Nun sind sie nur noch 290 Kilometer vom Ziel ihrer Reise entfernt, der Stadt Ushuaia in Terra del Fuego. Von dort geht es über Buenos Aires direkt zurück nach Barcelona, von wo aus sie die letzten Kilometer bis nach Hause wieder radeln wollen. „Es ist schwer, aufzuhören“, sagen sie fast wehmütig. Aber natürlich freuen sie sich auf Familie, Freunde und, nach so vielen Entbehrungen, ein bequemes Bett. „An den Luxus gewöhnt man sich schnell wieder – aber von den Eindrücken, davon werden wir noch lange zehren“, sagt Hannes nachdenklich.

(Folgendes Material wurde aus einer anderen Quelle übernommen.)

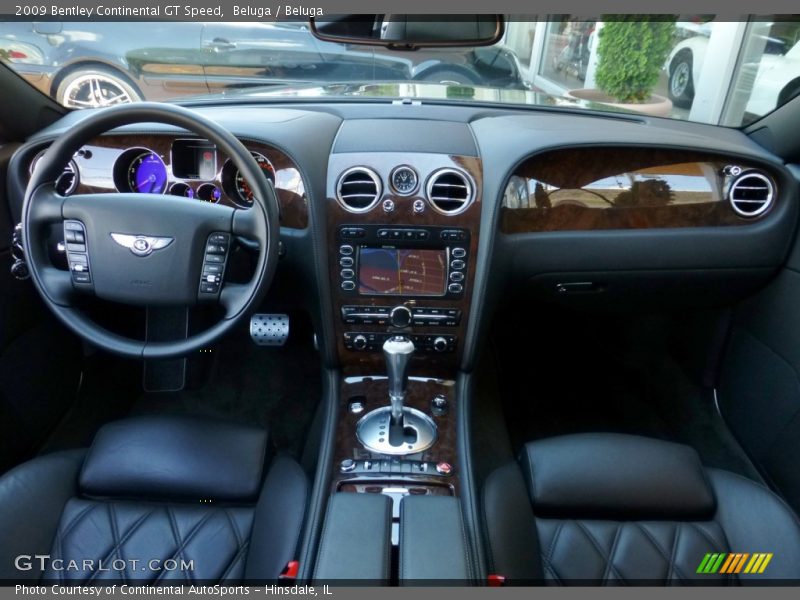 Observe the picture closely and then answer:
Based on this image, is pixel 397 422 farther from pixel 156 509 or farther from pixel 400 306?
pixel 156 509

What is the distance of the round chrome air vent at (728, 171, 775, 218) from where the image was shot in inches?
74.8

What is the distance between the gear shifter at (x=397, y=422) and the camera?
5.24 feet

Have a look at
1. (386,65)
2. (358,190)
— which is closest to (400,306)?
(358,190)

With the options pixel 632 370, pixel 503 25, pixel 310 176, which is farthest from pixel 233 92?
pixel 632 370

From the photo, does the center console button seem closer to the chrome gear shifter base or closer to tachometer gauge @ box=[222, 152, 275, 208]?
the chrome gear shifter base

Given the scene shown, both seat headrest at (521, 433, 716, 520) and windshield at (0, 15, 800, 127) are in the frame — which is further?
windshield at (0, 15, 800, 127)

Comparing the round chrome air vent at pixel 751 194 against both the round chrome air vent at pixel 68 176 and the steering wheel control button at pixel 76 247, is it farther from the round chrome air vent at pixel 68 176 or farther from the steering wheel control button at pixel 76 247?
the round chrome air vent at pixel 68 176

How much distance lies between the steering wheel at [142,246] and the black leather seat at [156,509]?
34 centimetres

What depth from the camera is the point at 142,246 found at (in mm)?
1412

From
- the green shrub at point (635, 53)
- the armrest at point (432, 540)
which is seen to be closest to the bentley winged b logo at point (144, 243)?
the armrest at point (432, 540)

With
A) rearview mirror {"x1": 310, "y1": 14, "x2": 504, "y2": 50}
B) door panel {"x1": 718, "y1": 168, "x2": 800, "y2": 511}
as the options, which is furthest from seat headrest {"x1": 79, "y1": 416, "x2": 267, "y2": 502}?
door panel {"x1": 718, "y1": 168, "x2": 800, "y2": 511}

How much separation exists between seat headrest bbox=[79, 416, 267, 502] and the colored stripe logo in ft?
3.91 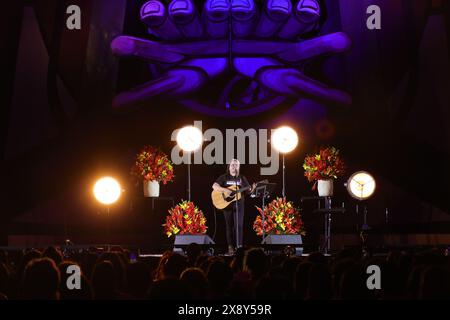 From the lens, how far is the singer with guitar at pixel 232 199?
12562mm

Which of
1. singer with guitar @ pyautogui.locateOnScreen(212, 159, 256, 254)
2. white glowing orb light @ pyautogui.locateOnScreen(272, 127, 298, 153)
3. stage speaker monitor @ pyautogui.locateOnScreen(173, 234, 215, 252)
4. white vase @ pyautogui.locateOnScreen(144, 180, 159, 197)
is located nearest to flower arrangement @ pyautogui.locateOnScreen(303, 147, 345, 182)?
white glowing orb light @ pyautogui.locateOnScreen(272, 127, 298, 153)

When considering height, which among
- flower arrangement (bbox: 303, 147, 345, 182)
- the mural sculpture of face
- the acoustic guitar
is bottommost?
the acoustic guitar

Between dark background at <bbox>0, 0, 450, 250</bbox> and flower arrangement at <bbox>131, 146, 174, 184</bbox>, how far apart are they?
120 centimetres

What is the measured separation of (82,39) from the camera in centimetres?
1447

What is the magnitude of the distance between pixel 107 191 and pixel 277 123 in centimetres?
398

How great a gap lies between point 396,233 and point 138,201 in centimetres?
540

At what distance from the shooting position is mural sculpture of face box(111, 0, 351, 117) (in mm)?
14328

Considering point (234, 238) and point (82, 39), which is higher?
point (82, 39)

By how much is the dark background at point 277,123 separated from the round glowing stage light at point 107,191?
4.02ft

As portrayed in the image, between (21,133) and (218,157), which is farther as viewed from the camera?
(218,157)

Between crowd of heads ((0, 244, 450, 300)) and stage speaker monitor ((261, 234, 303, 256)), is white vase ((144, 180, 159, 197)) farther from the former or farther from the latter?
crowd of heads ((0, 244, 450, 300)) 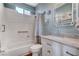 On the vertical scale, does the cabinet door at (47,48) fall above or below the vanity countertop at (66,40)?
below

Fotos und Videos auf Instagram

Nils hat es besonders Ecuador angetan, mit seiner vielseitigen Landschaft. Hannes kann gar kein einzelnes Erlebnis ausmachen: „Es ist die mentale Challenge, da quält man sich den ganzen Tag – und dann sieht man einen Regenbogen und weiß wieder: ah, darum macht man das. Es sind die Momente dazwischen, die man nicht plant.“

Nur Selbstzweck ist ihre Reise im Übrigen nicht. Auf ihrem Instagram-Account www.instagram.com/drahtesel_del_mundo findet man neben vielen Fotos und kleinen Videos einen Aufruf zu ihrer Spendeninitiative bei World Bicycle Relief. Die Aktion möchte durch Spenden Mobilität in Gegenden der Welt bringen, in denen der Besitz eines Fahrrads keine Selbstverständlichkeit ist.